On s’intéressera ici à la publicité, prochainement, et sans doute régulièrement. Pour faire la part des choses, entre le cirque des marchandises, et l’automobile peut parfois faire partie de cette ménagerie, et la culture auto elle-même, qui peut parfois se situer au dessus de la simple société du spectacle. 

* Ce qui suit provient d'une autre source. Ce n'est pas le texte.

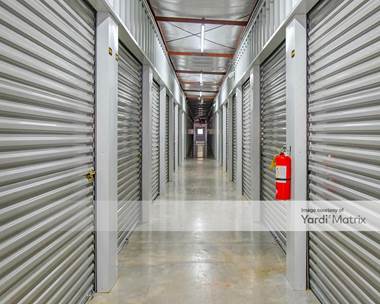 Storage Units for Rent available at 7700 Jonesboro Road, Jonesboro, GA 30236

Parfois, la publicité est le tarmac depuis lequel se lancent les véritables oeuvres. C’est en fait le cas de la majeure partie du pop-art, qui sera finalement le seul courant artistique à ne pas prendre, a priori, la forme publicitaire de haut, préférant l’embarquer toute entière sur les sommets de la représentation, c’est à dire, en fait, au-delà de celle-ci, puisque l’art dans ses formes les plus élevées, est pure présentation, et non fac-similé d’un modèle absent.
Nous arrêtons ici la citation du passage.